A form of drama that emphasizes the absurdity of human existence by employing disjointed, repetitious, and meaningless dialogue, purposeless and confusing situations, and plots that lack realistic or logical development.  That’s the description of a particular form of drama called ‘Theater of the Absurd’.  In the 21st Century where confusion has been globalized courtesy finely orchestrated media campaigns whose sole objective is to justify crimes against humanity and manufacture public consent for the same, the description is valid for any number of things and processes.  In Sri Lanka, perhaps there’s nothing more deserving of that description as the 13th Amendment to the Constitution.

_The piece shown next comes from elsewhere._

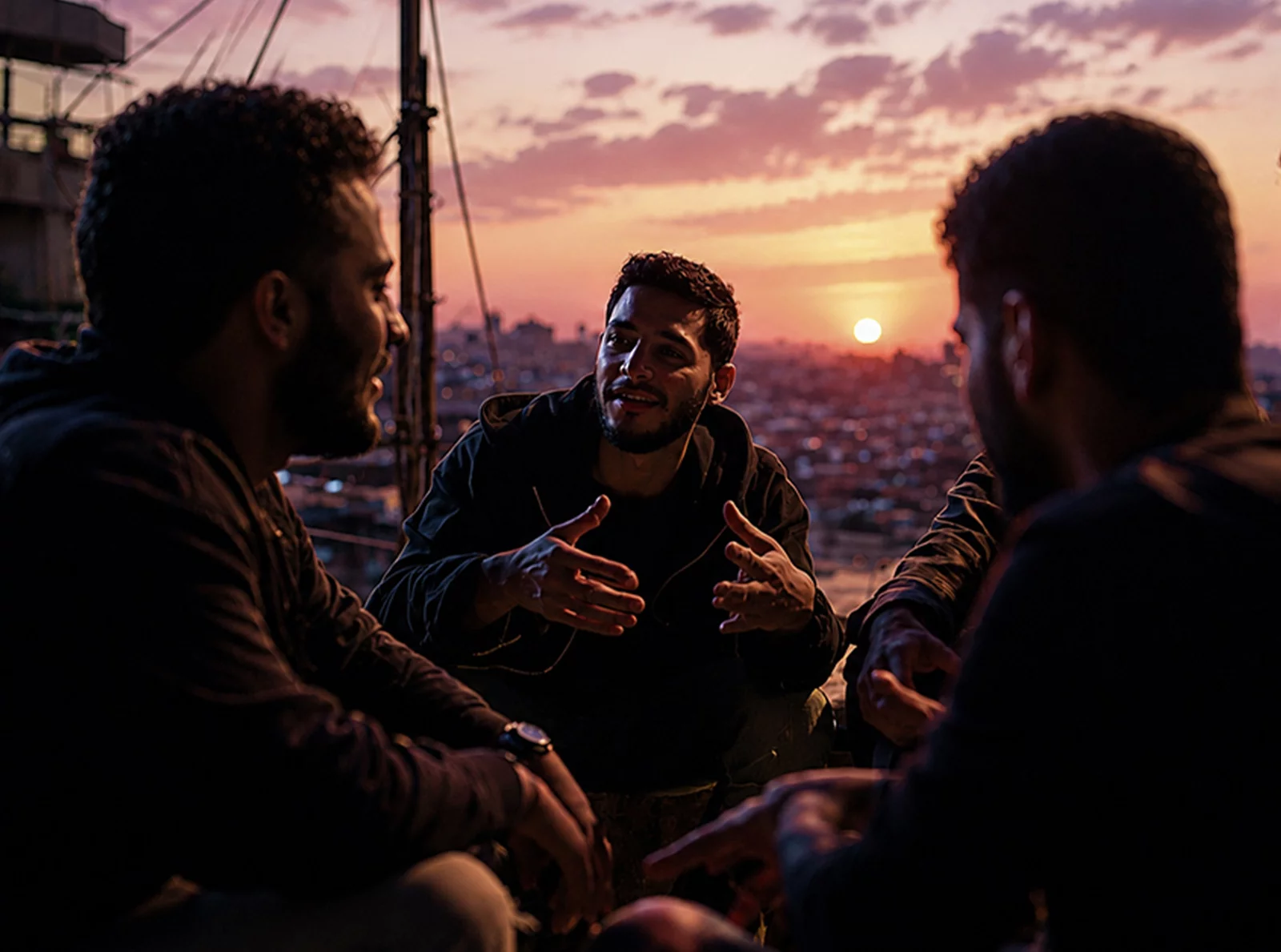 the-changing-face-of-masculinity-in-lebanon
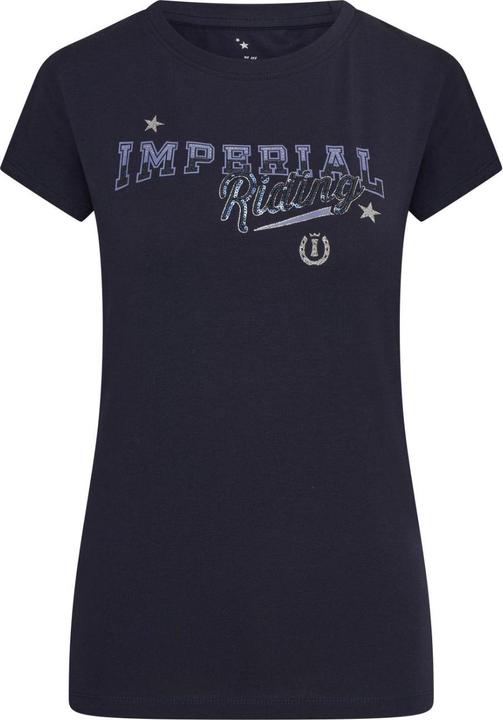 Produktbild Imperial Riding Classy (XS)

It was, to recap, thrust down Sri Lankan’s throat by Rajiv Gandhi determined to ‘Bhutanize’ the island, as a logical ‘next step’ to a process of destabilization started by his mother Indira Gandhi in 1982, when the first batch of Tamil militants were trained in India.  It was illegal.  Its legality was obtained by reiteration via elections.  It was rejected quickly enough by the ‘sole representatives of the Tamils’ (self-appointed) and their one-time mouthpieces, the TNA which recovered voice and franchise, paradoxically, courtesy the Sri Lankan security forces in May 2009.  Even today, the Tiger rump which clubs internationally rejects the 13th Amendment.  No one wants it.  It has benefitted only politicians and only because it serves the political teething necessary to take bigger bites out of the body politic at the national level. 

Those who reject the 13th do not subscribe to the same political ideology of course.  For some, the 13th is ‘too much’ while for others it is ‘not enough’.  Either way, it is neither here nor there; not an ‘interim’ option, not a working document for a better text.  It has only served political theatrics of the absurd kind. 

Although the Supreme Court de-merged the North and East, the potential for re-merging remained intact.  The clause for merging of provinces has no logic except to serve India’s purposes, i.e. destabilizing Sri Lanka in the event of a Government that is not as India-friendly as India would like comes to power.  The 13th is then essentially a Balkanization script awaiting enactment. 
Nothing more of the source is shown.